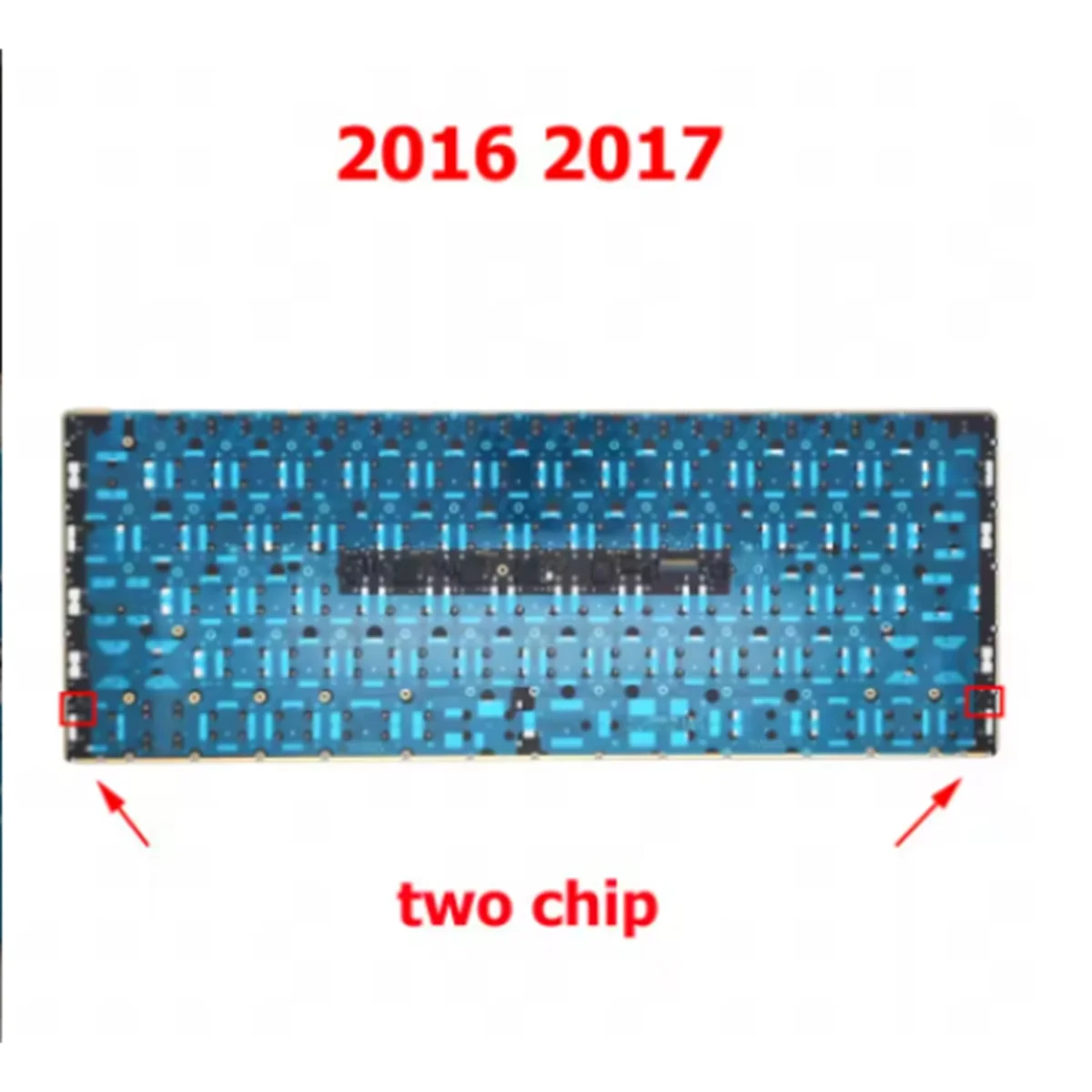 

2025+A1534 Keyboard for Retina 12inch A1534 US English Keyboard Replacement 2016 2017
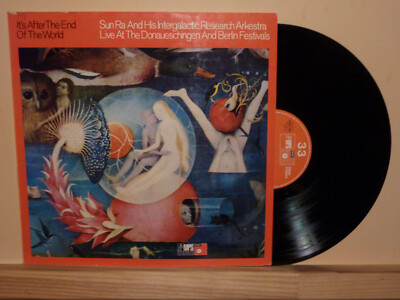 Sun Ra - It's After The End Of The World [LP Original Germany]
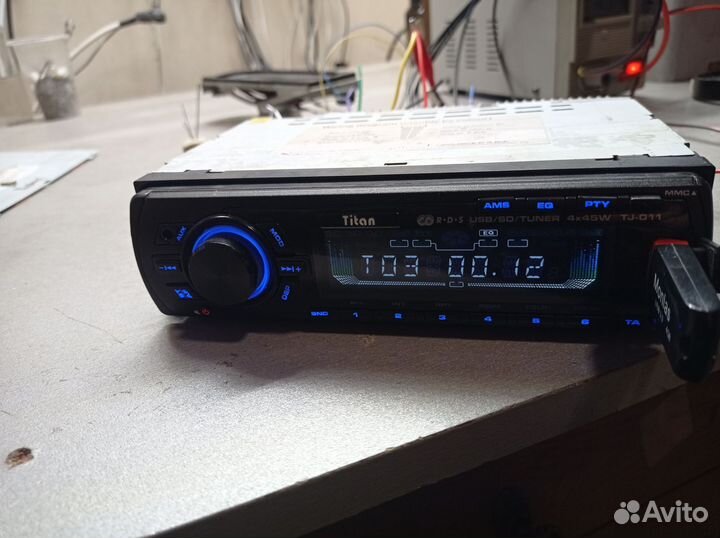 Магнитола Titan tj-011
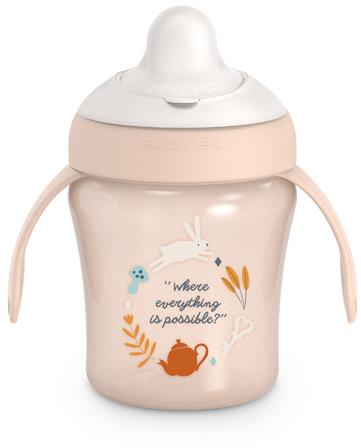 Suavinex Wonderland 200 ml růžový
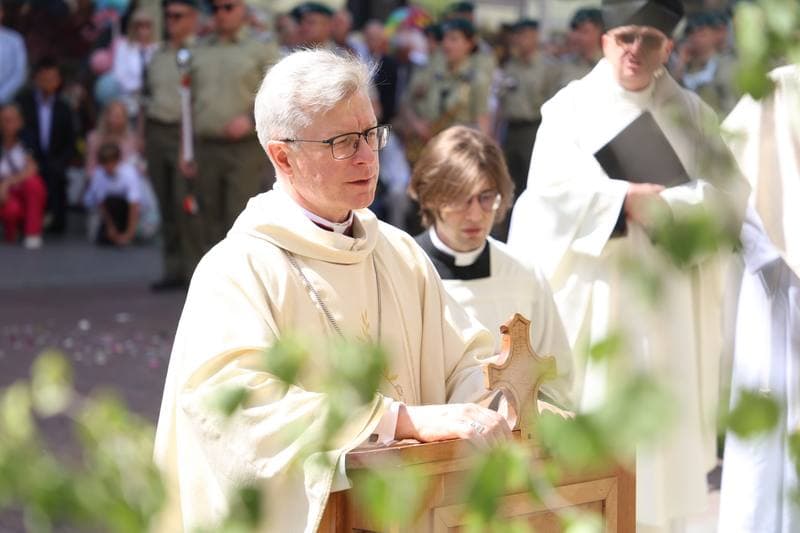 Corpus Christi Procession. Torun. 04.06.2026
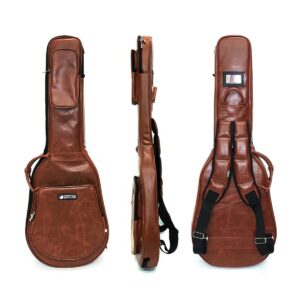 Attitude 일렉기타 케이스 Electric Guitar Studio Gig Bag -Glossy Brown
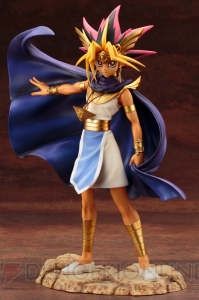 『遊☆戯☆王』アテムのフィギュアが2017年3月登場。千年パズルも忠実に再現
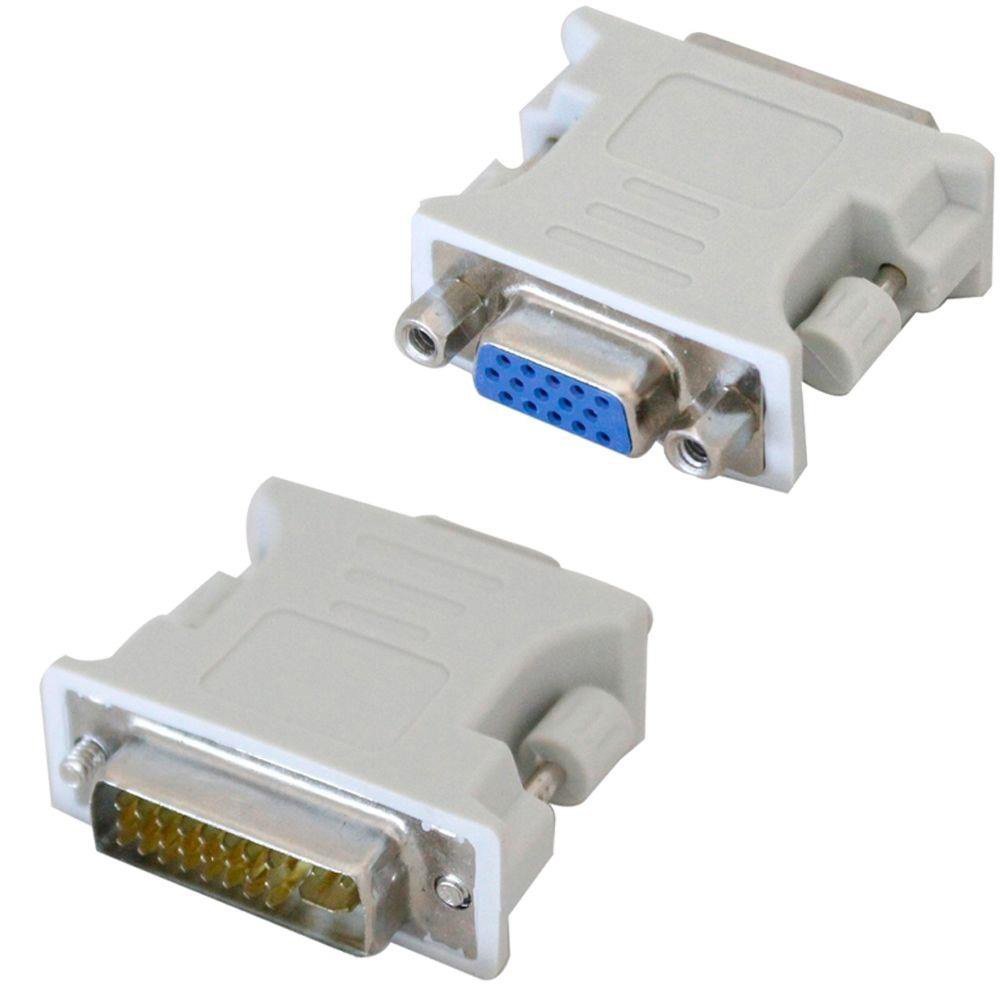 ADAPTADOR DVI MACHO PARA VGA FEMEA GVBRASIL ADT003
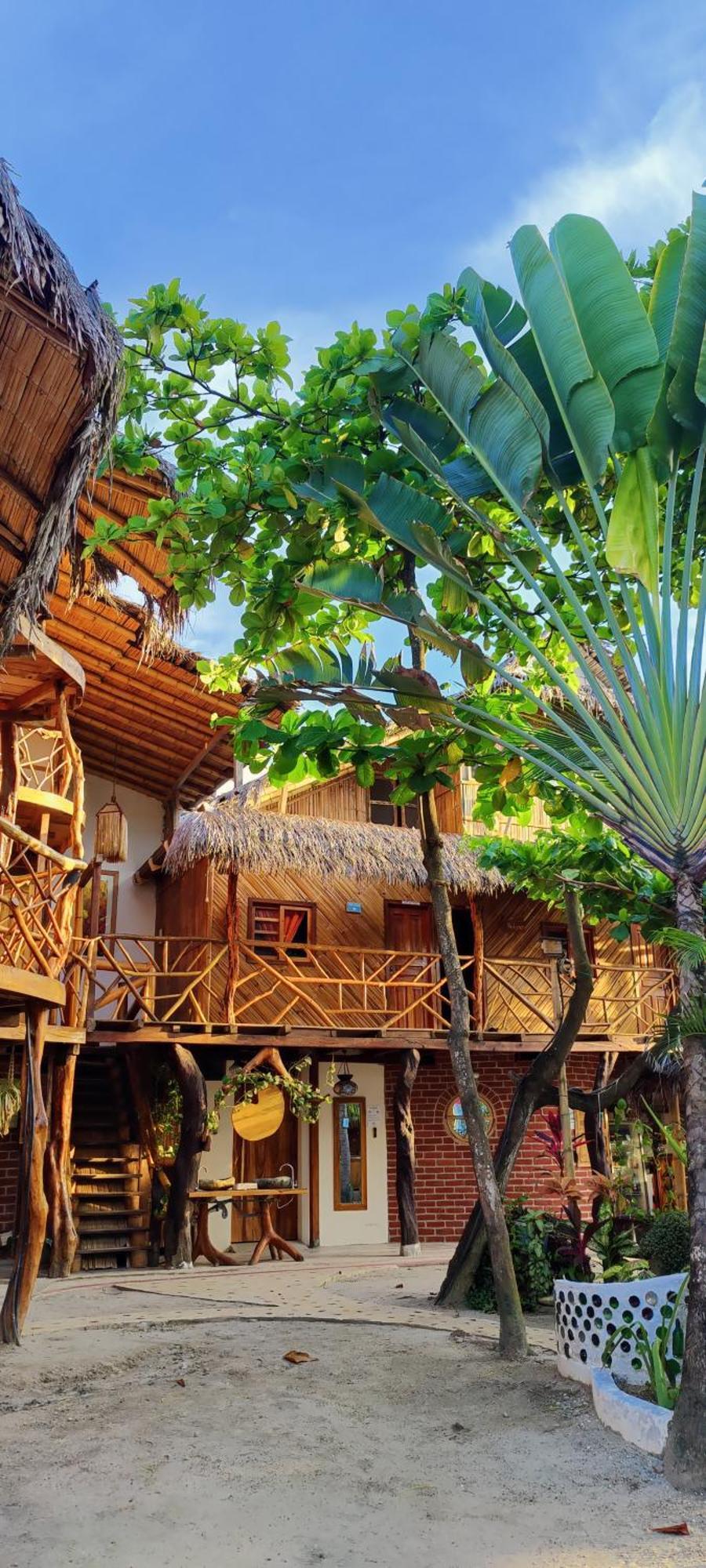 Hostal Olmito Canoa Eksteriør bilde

WORK INSTRUCTIONS: Images in the records should not be copied. Repeat all the rest exactly.

THE ANSWER:
2025+A1534 Keyboard for Retina 12inch A1534 US English Keyboard Replacement 2016 2017
 Sun Ra - It's After The End Of The World [LP Original Germany]
 Магнитола Titan tj-011
 Suavinex Wonderland 200 ml růžový
 Corpus Christi Procession. Torun. 04.06.2026
 Attitude 일렉기타 케이스 Electric Guitar Studio Gig Bag -Glossy Brown
 『遊☆戯☆王』アテムのフィギュアが2017年3月登場。千年パズルも忠実に再現
 ADAPTADOR DVI MACHO PARA VGA FEMEA GVBRASIL ADT003
 Hostal Olmito Canoa Eksteriør bilde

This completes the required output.